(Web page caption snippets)
--- START ---

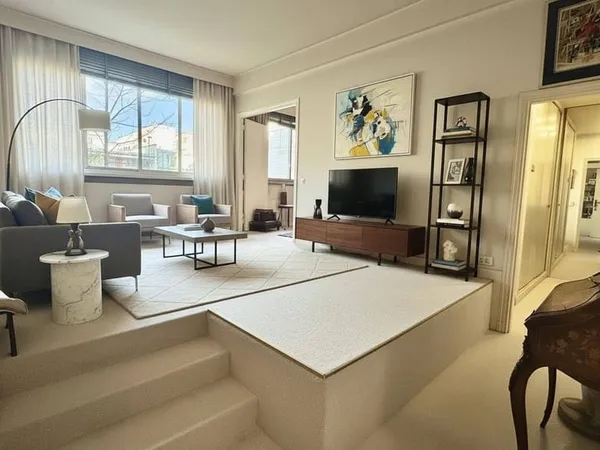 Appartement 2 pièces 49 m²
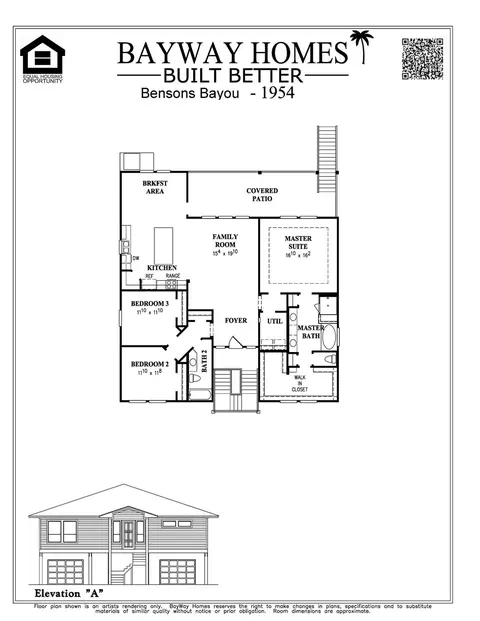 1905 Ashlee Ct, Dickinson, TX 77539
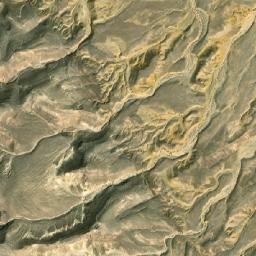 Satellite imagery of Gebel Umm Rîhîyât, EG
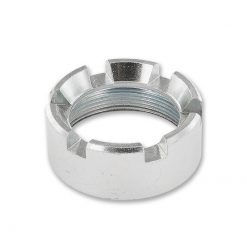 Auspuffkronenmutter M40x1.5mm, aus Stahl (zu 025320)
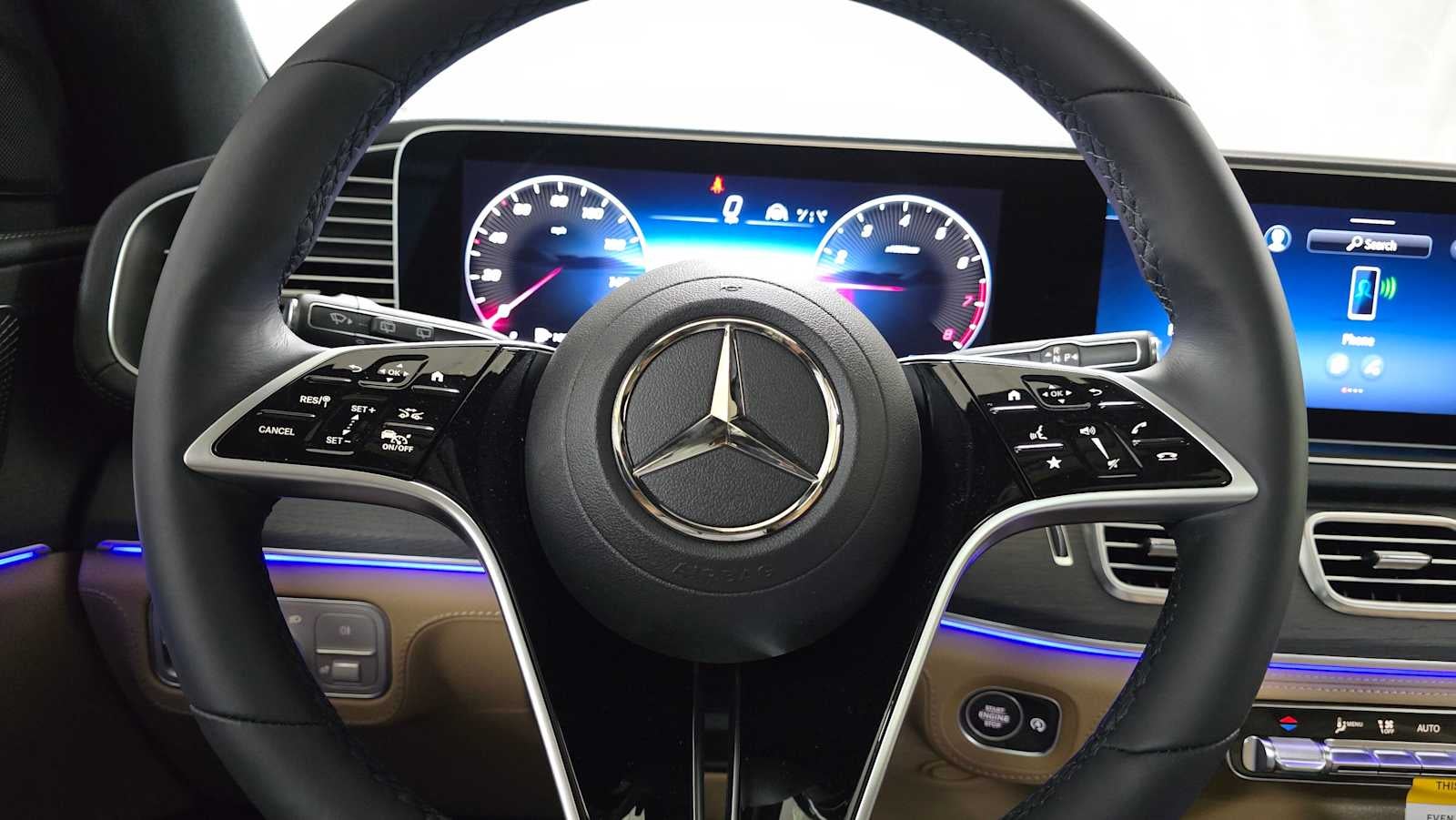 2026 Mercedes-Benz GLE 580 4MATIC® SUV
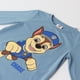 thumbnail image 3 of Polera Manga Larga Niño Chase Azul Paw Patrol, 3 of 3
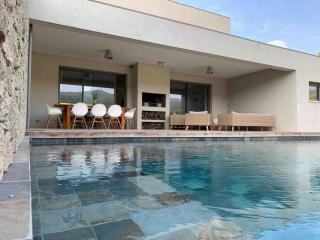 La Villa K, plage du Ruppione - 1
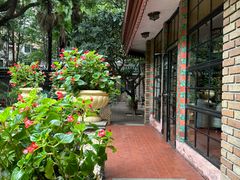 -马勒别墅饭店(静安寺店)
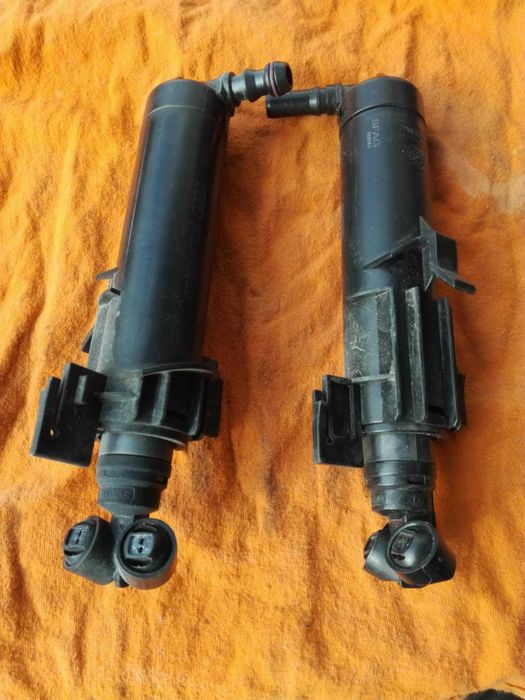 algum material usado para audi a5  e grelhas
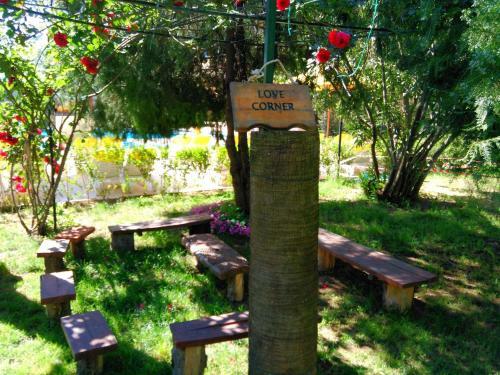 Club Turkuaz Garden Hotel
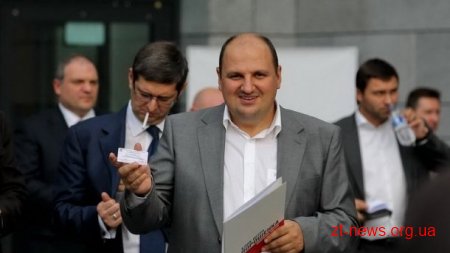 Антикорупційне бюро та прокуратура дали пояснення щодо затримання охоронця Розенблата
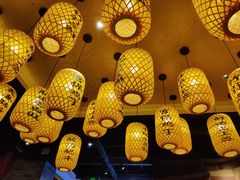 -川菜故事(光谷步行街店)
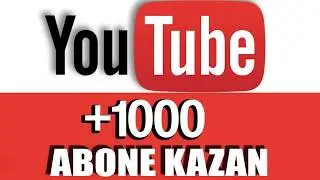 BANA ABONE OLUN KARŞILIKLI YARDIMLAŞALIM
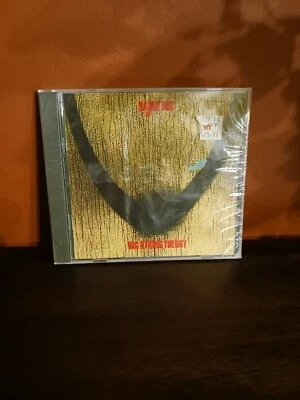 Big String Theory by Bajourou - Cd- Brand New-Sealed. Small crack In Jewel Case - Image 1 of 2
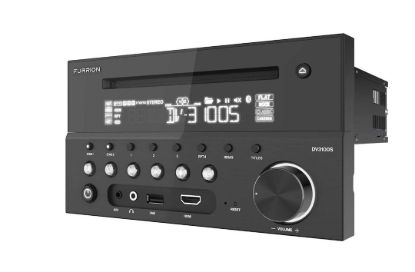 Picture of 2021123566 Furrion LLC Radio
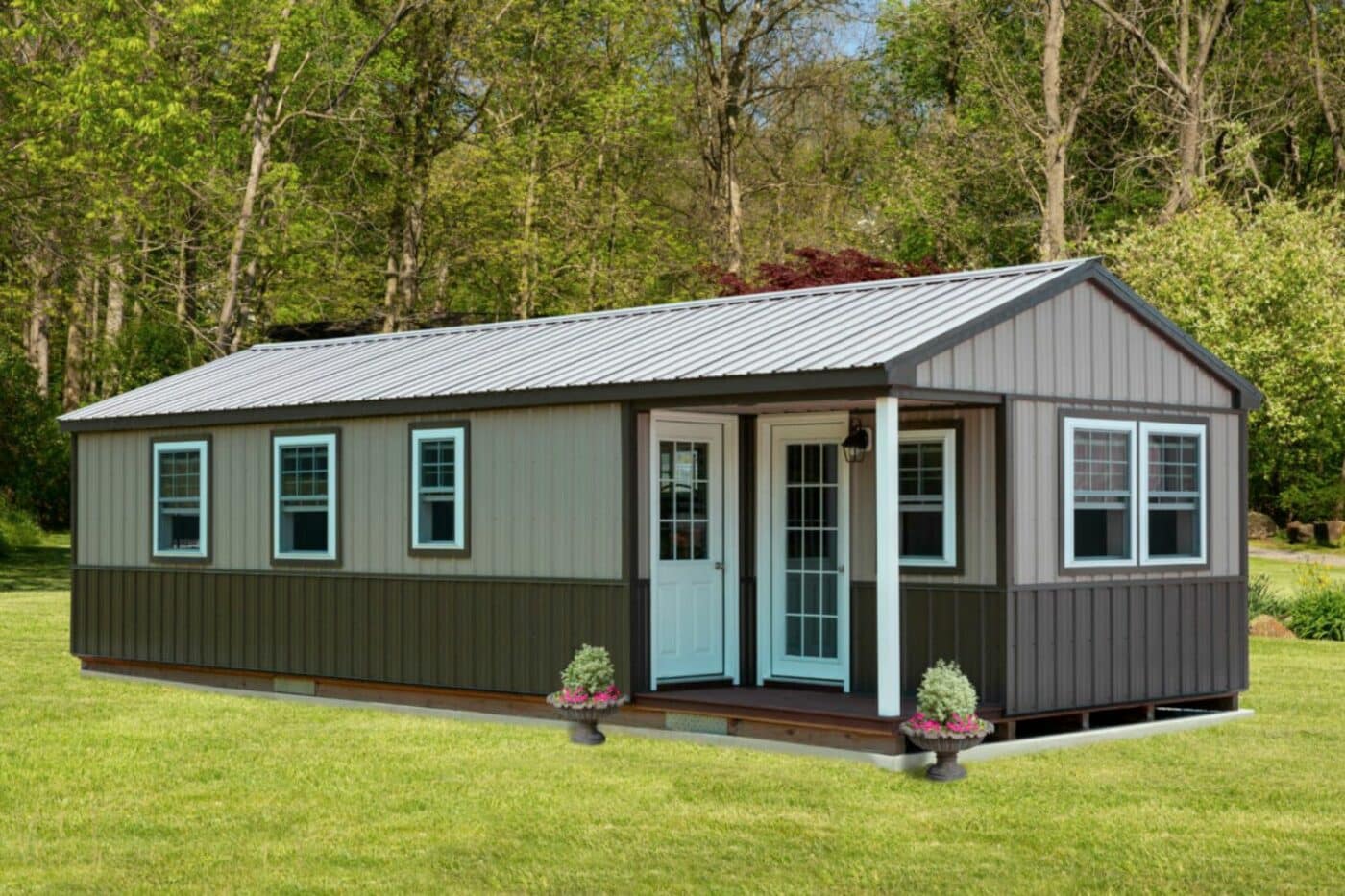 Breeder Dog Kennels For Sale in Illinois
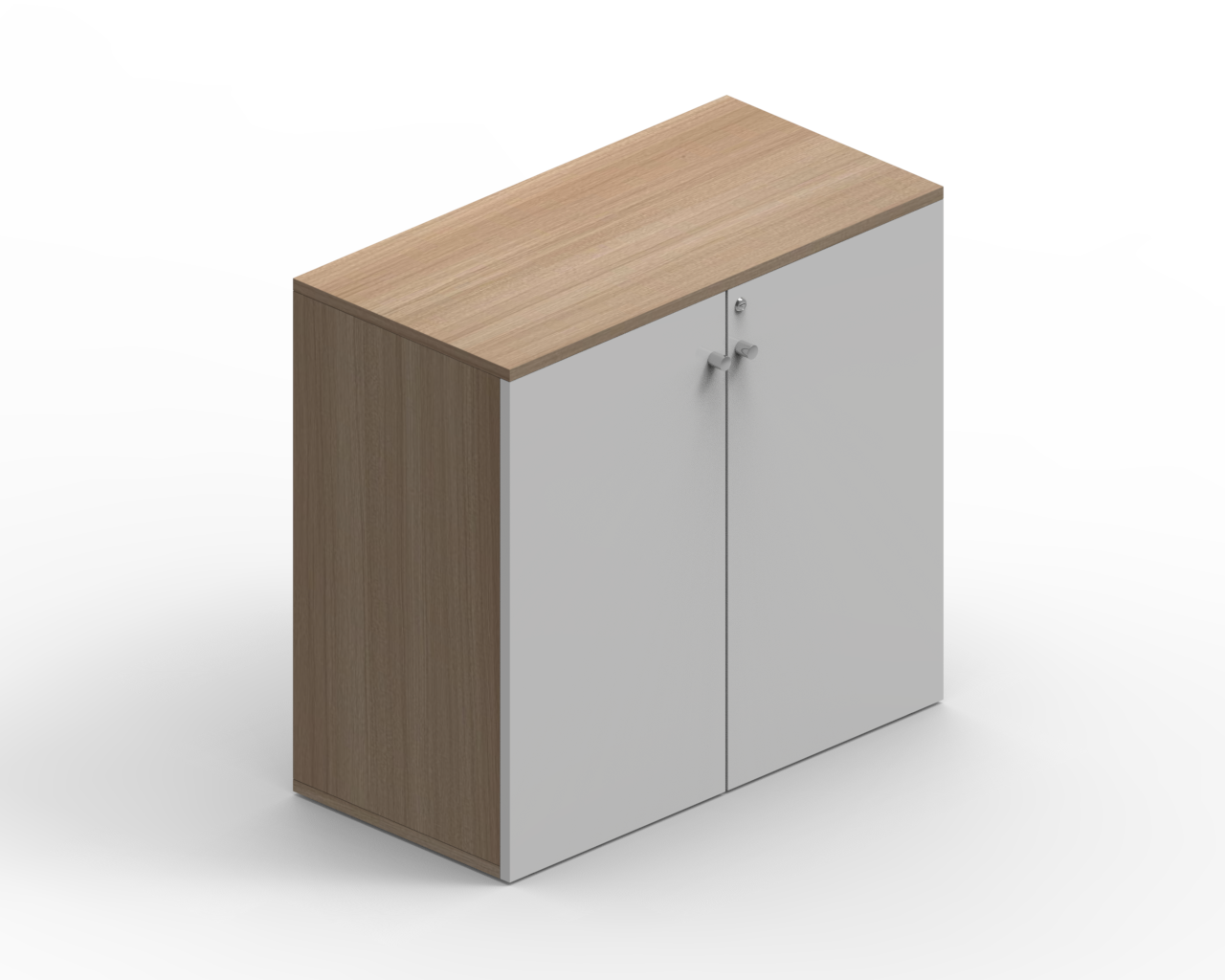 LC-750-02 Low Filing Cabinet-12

--- END ---

*REQUIRED ACTION:* Each line from the one that contains "Антикорупційне бюро та" through the end of the records should be restated exactly; include both end lines and leave any pictures out.

*SOLUTION TO THE EXERCISE:*
 Антикорупційне бюро та прокуратура дали пояснення щодо затримання охоронця Розенблата
 -川菜故事(光谷步行街店)
 BANA ABONE OLUN KARŞILIKLI YARDIMLAŞALIM
 Big String Theory by Bajourou - Cd- Brand New-Sealed. Small crack In Jewel Case - Image 1 of 2
 Picture of 2021123566 Furrion LLC Radio
 Breeder Dog Kennels For Sale in Illinois
 LC-750-02 Low Filing Cabinet-12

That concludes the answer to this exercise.